The economy is in freefall. The president is likely to be impeached. Brazil's democracy faces its toughest moment since the end of dictatorship.


On the night of April 17th Brazil stood still. In the streets, hundreds of thousands held their breath, many sporting the yellow-and green jerseys of the national football team, brandishing Brazilian flags, vuvuzelas at the ready. Millions more were glued to television screens in homes, bars and restaurants across the country.


Contrary to appearances it was political, not sporting, history that was being made. At 11.07 pm it was all over. Bruno Araujo of Pernambuco state, a federal deputy for the center-right opposition Party of Brazilian Social Democracy (PSDB), cast the 342nd vote in Congress's 513-seat lower house in favor of sending impeachment charges against the president, Dilma Rousseff, the the Senate for trial. That breached the necessary threshold of two-thirds; Ms Rousseff;'s foes in the chamber burst into song. Outside Congress, and in dozens of cities, car horns blared.


By the time voting ended, the government had been trounced by 367 votes to 137 (plus seven abstentions and two absentees).
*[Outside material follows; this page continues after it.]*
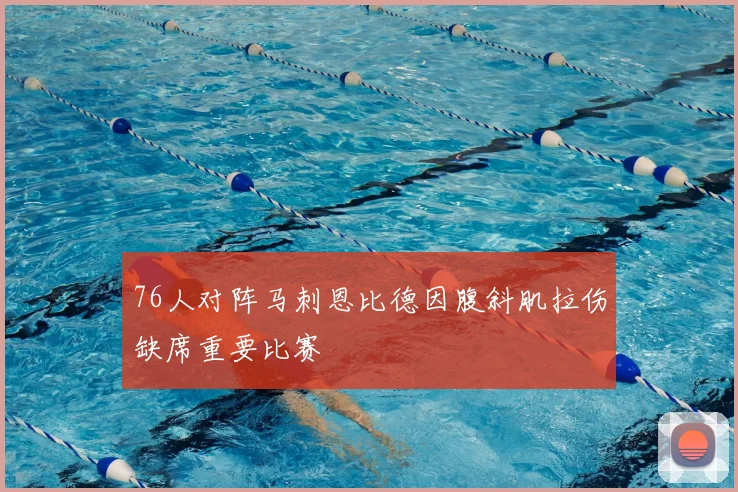 76人对阵马刺恩比德因腹斜肌拉伤缺席重要比赛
In ten-second speeches during a rowdy, six-hour roll-call vote, pro-impeachment lawmakers railed against economic mismanagement and corruption under Ms Rousseff's Workers' Party(PT). Brazil is suffering its worst recession since the 1930s, and the PT and its allies are embroidered in a vast bribery scandal centered on the state-run oil company, Petrobras. They were voting for their families, many proclaimed, or their constituent, or God. Others nodded to the special interests that got them elected. Few mentioned the specific charge against Ms Rousseff: that she had fiddled government accounts to disguise a big budget deficit.


The next morning Brazil awoke to a changed political landscape. Ms Rousseff looks likely to follow in the ignominious footsteps of Fernando Collor, the country's first directly elected president after two decades of military rule ended in the mid 1980s. He was impeached for corruption in 1992, less than three years into his term.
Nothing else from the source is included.